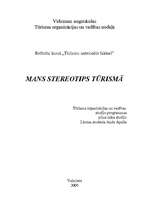 Eseja 'Mans stereotips tūrismā', 1.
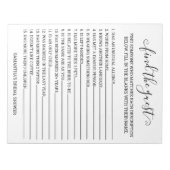 Brautparty Finden Sie das Gast-Spiel Notizblock (Vorderseite)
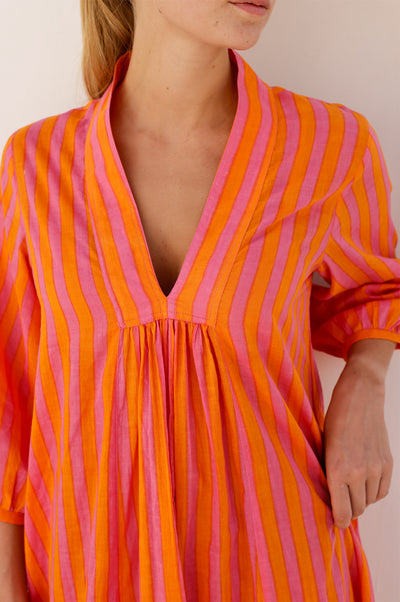 Itisha Striped Dress - Orange/Pink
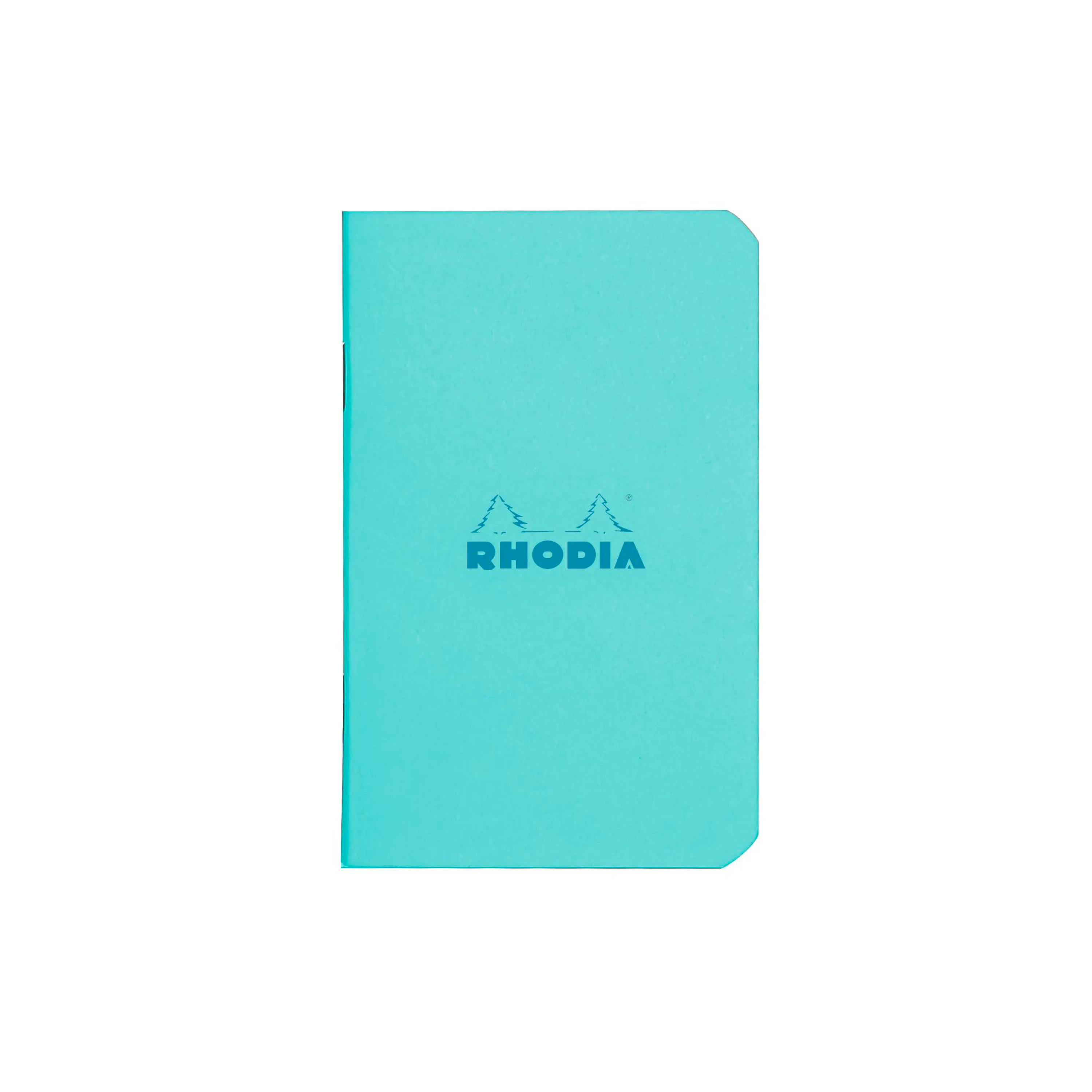 Carnet de notes Rhodia Couleurs ligné Azur piqûre 160 pages 7,5 x 12cm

━━━━

Transcribe the data verbatim. No picture belongs in the result.

 Eseja 'Mans stereotips tūrismā', 1.
 Brautparty Finden Sie das Gast-Spiel Notizblock (Vorderseite)
 Itisha Striped Dress - Orange/Pink
 Carnet de notes Rhodia Couleurs ligné Azur piqûre 160 pages 7,5 x 12cm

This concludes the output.